The shapes at leaf levels (Triangles and Spheres) have the same intersection function implemented, so when the leaf is reached, the shape’s intersection function is triggered, and the closest intersection result of all the leafs of the tree is returned.
BVH Performance Throughput
Implementing BVH is a must to be able to handle the scenes with too many triangles or spheres, as it prevents the unnecessary ray-shape intersection tests perfectly. Below is a scene that has a dragon mesh consisting of nearly 871.000 triangles. Rendering this scene without using BVH would be a suicide attempt, but with BVH, the scene gets rendered in only ~2.5 seconds.
chinese_dragon.xml (800x800) 2.598 seconds (/w 8 threads, no MSAA)
Multisample Anti-Aliasing (MSAA)
The way I have implemented the multisampling capability is provided in the picture below:
After sending numSamples (provided in the scene xml file) rays, I get the average of their resulting colors, and set that averaged value as the color of the pixel (in the image, the pixel is the whole 3×3 area). I treat the subpixels equally, meaning that they all have the same weight. This method could be improved by using Gaussian distribution to weight the subpixels according to their distances to the center subpixel, in which case the center subpixel would have the highest weight.
Below is a GIF file that demonstrates the benefits of enabling MSAA and increasing the MSAA sample count:
As seen in the GIF file above, implementing MSAA have considerably increased the visual performance of the same scene by smoothing the noisy pixels.
Transparency (Reflection + Refraction)
Transparency is used to mimic transparent objects (such as glass, water, etc.) in ray tracing. It consists of two parts: Reflection & Refraction.

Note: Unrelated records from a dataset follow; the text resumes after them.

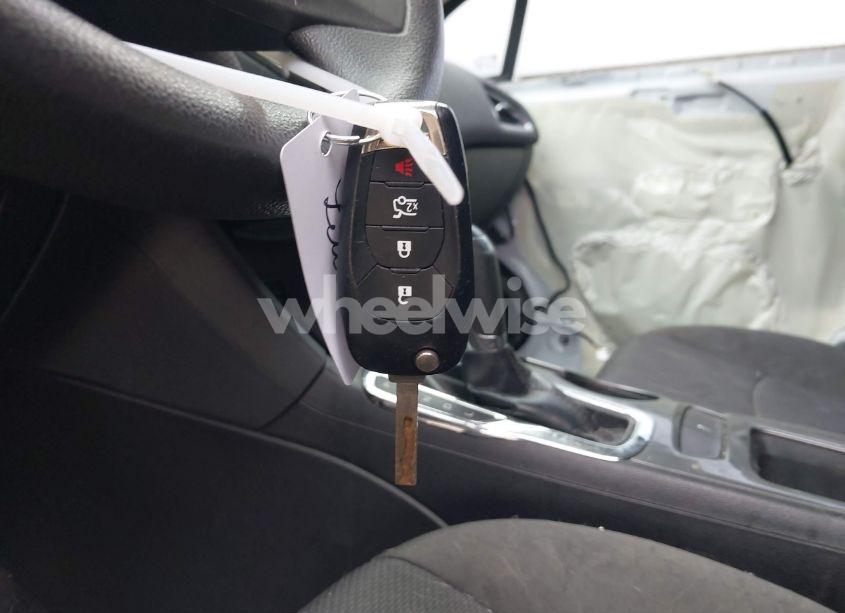 Photo 11 of 2017 Chevrolet Cruze LT AUTO (VIN 1G1BE5SM9H7208588)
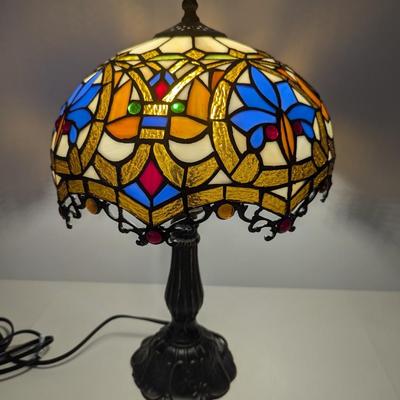 Tiffany Style Stained Glass Table Lamp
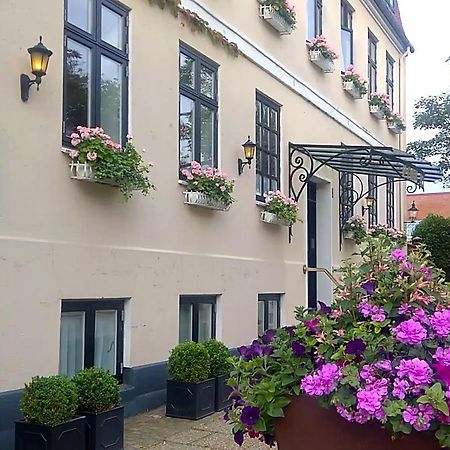 Park Hotel & Vinbar Фредеріксгавн Екстер'єр фото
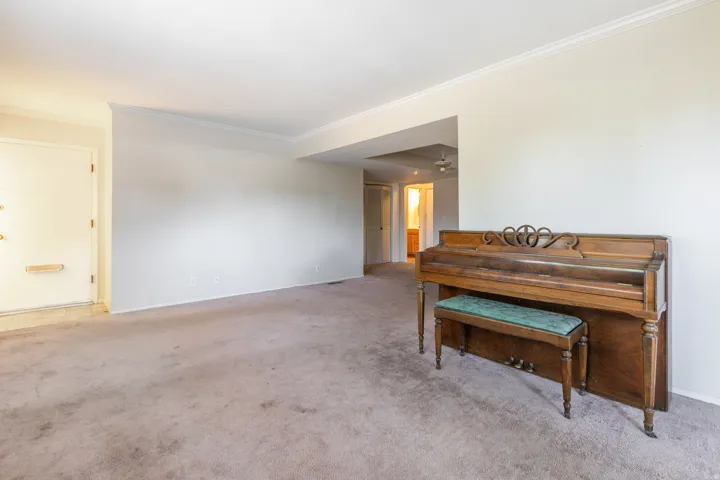 302 E Peach Ln, Bountiful, Utah 84010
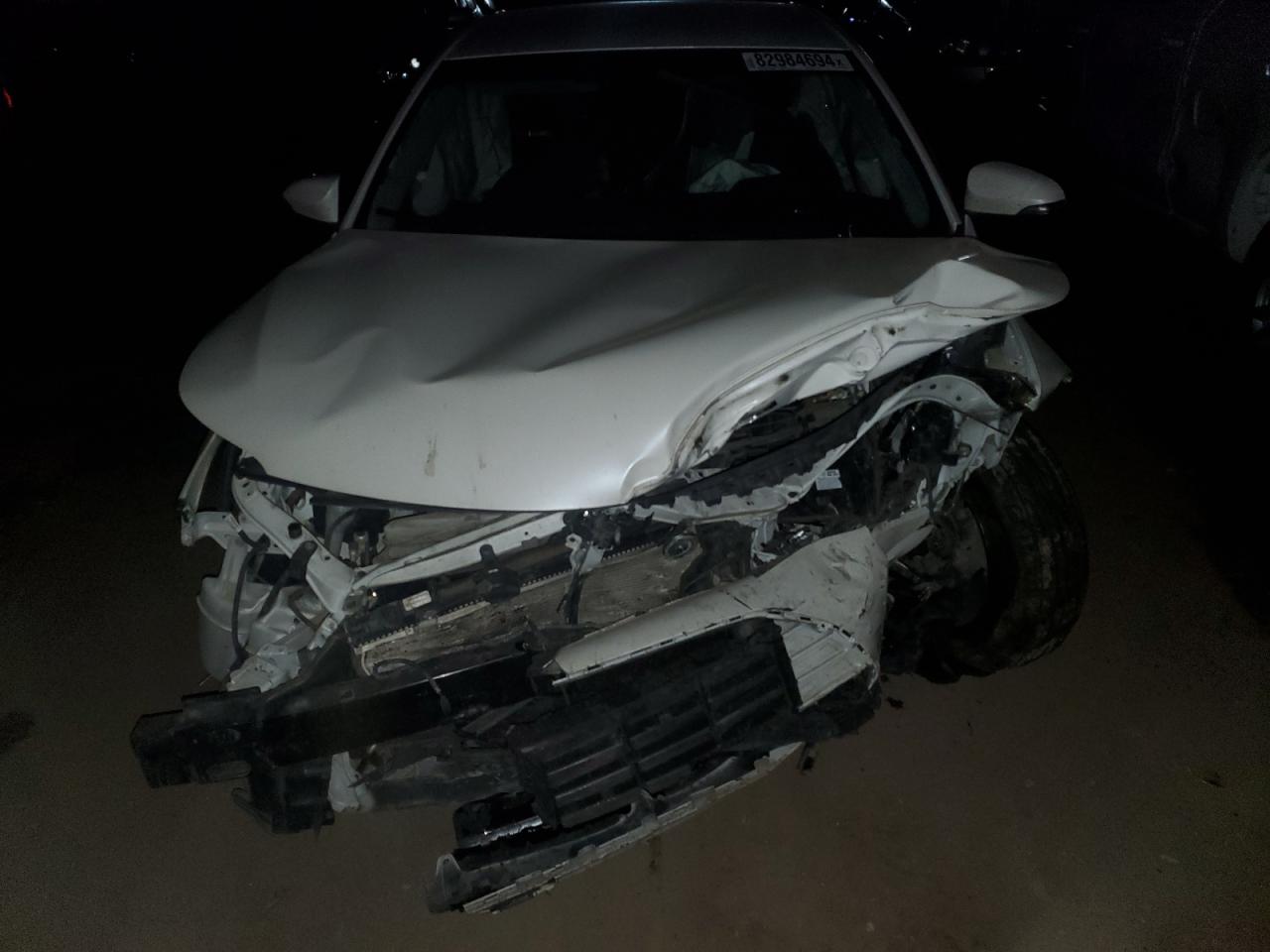 2016 Toyota Avalon - Image 12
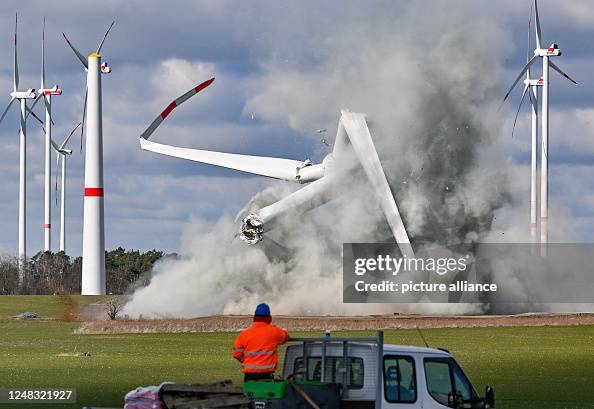 A new wind turbine is blown up due to construction defects. An... News ...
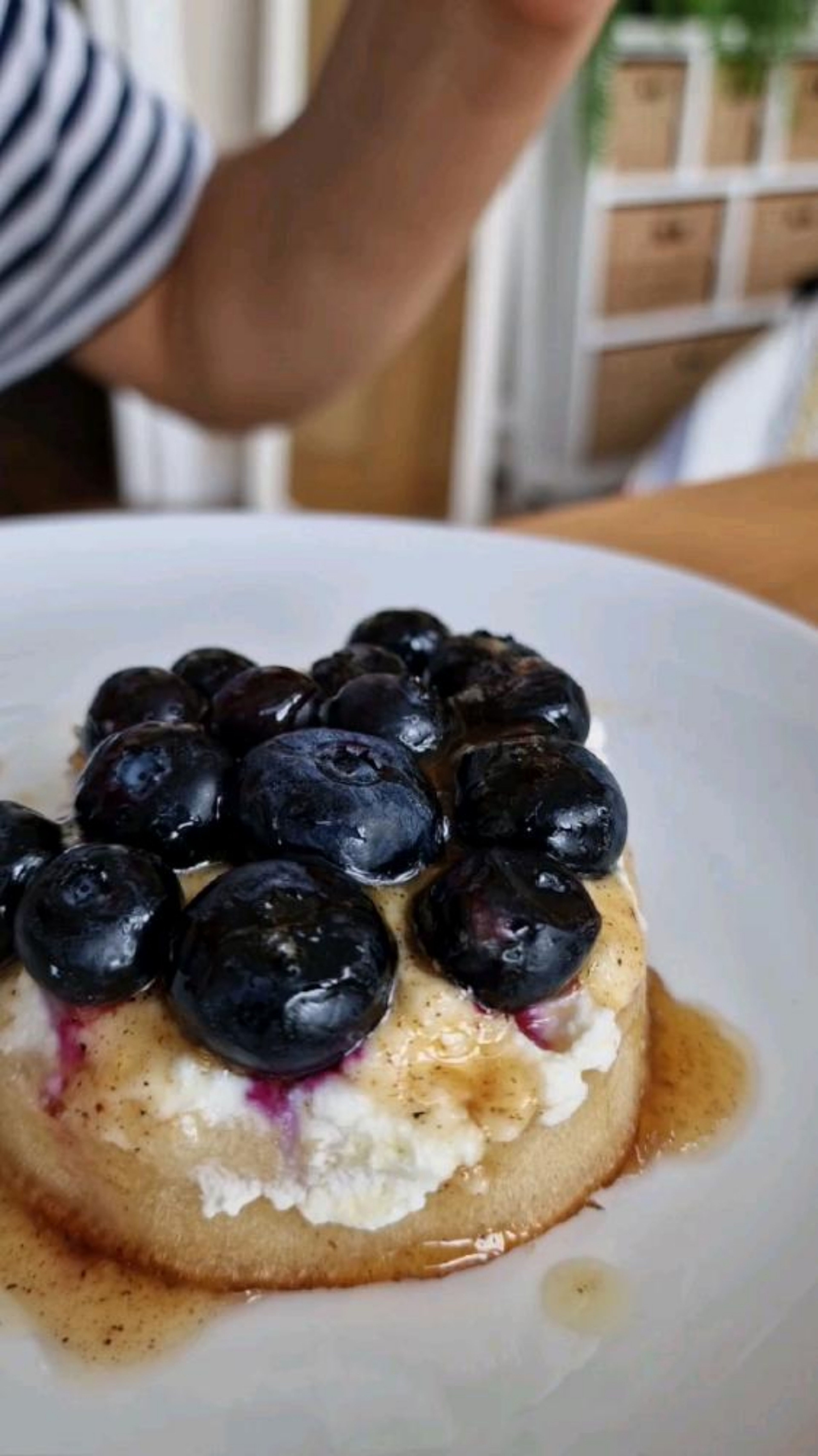 Spread the ricotta on a warm crumpet. Add the blueberries (or other fruits). Pour the honey butter and enjoy immediately.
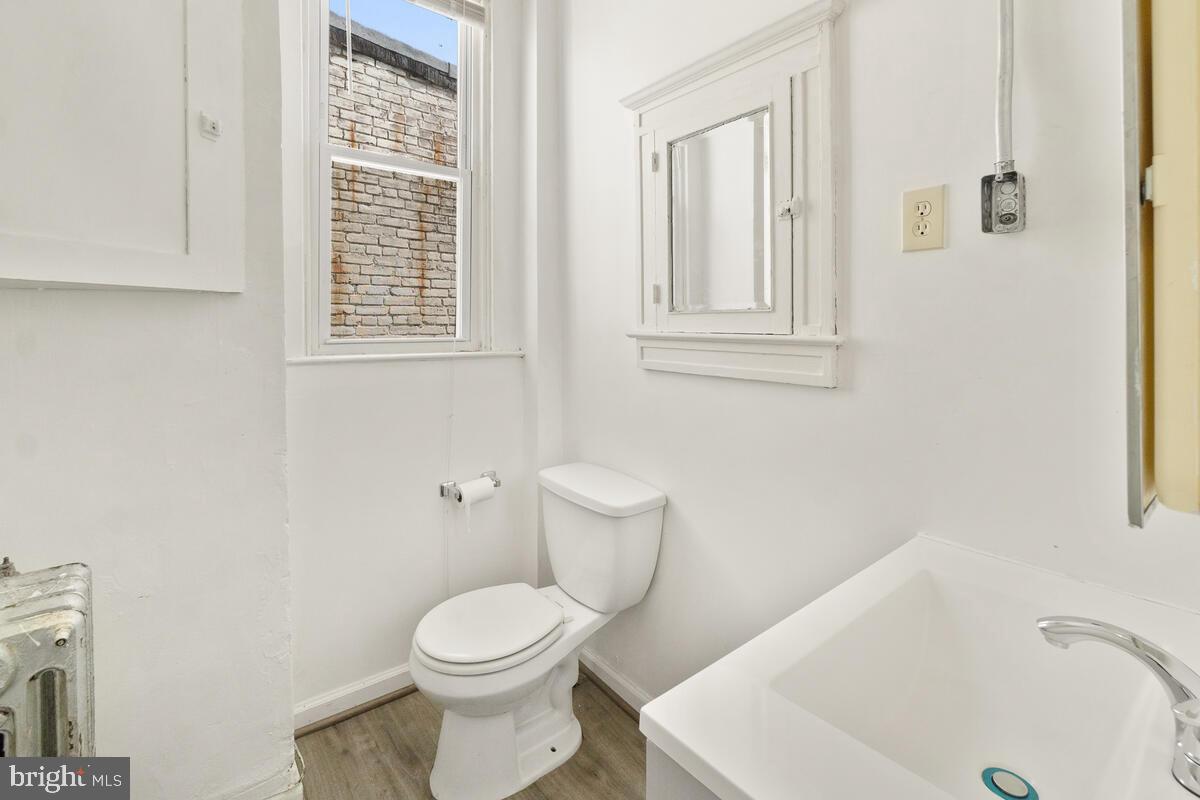 BELAIR-EDISON - Residential Lease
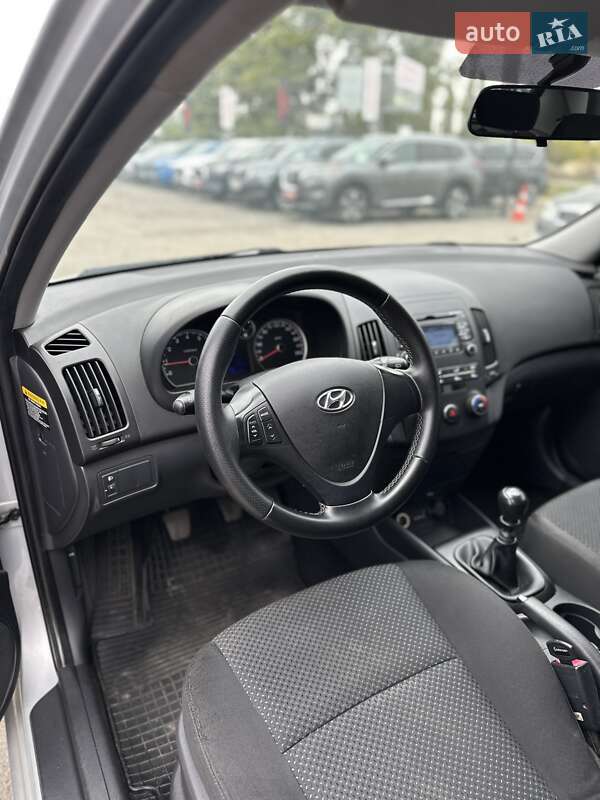 Хэтчбек Hyundai i30 2009 в Белогородке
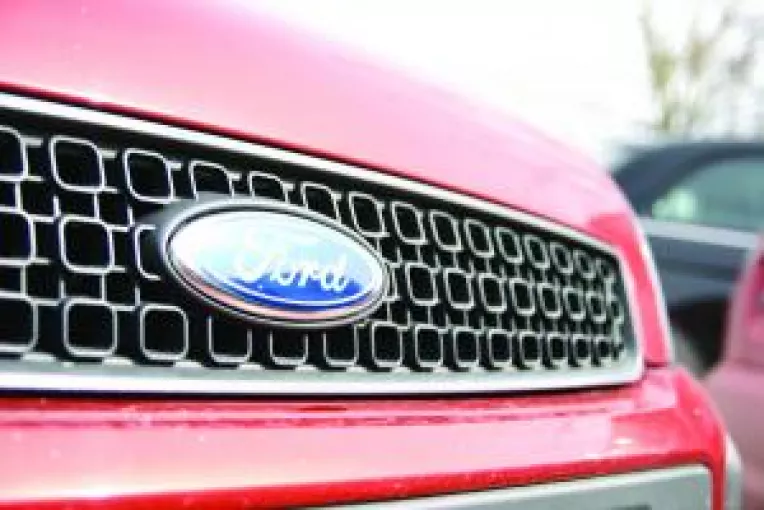 Dinel Staicu se foloseste de procesul cu Ford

When a ray hits a transparent object, some of the ray’s energy gets reflected, and the remaining gets refracted inside the object. The color of that pixel comes from the sum of that reflection and refraction colors.
Before starting the implementation of transparency, I have studied my lecture notes and also this stratchapixel.com post, together with the Reflections and Refractions in Ray Tracing article, and the related section of Fundamentals of Computer Graphics book.
After implementing transparency by using Schlick’s approximation to decide the ratio of reflected color & refracted color, I was able to render the glass spheres very well, as can be seen in the image below:
cornellbox_glass.xml (800x800) 33.5 seconds (/w 8 thread, 100 MSAA samples / pixel)
As seen in the image above, shadows of the transparent objects are not yet handled as transparent in my ray tracer. Every object casts opaque shadow.
When I rendered the METU Glass Science Tree scene, I have seen that there are some problems in my implementation with the transparent meshes consisting of triangles. The difference of my rendered image and the professor’s rendered image is shown in the GIF below:
Here is my rendered image (click on it to see in full-size):
As seen in the GIF and PNG files above, my rendered image seems to have problems with the internal reflections of the refracted rays.
After consulting about this problem to my friends in the class, and also to my professor, I have spent a good amount of time (already spent days before consulting; that’s why I have submitted my assignment one week late ) to figure out where this problem stems from. I checked the reflection & refraction rays’ direction generation formula and position bias, rewrote the Schlic’s approximation calculation, disabled lights for internal hits to prevent unwanted inner color computation, and debugged 1 erroneous pixel by disabling all other pixels to see what happens during this eye ray’s lifetime. Up to this time, I couldn’t correctly identify the source of the problem, but slightly improved the transparency of the rendered image. I am still working on this problem, as when I fix it, I will be able to use transparency capability in the future assignments correctly.
That’s the end of the second part of our adventure. Hope to see you in the third part!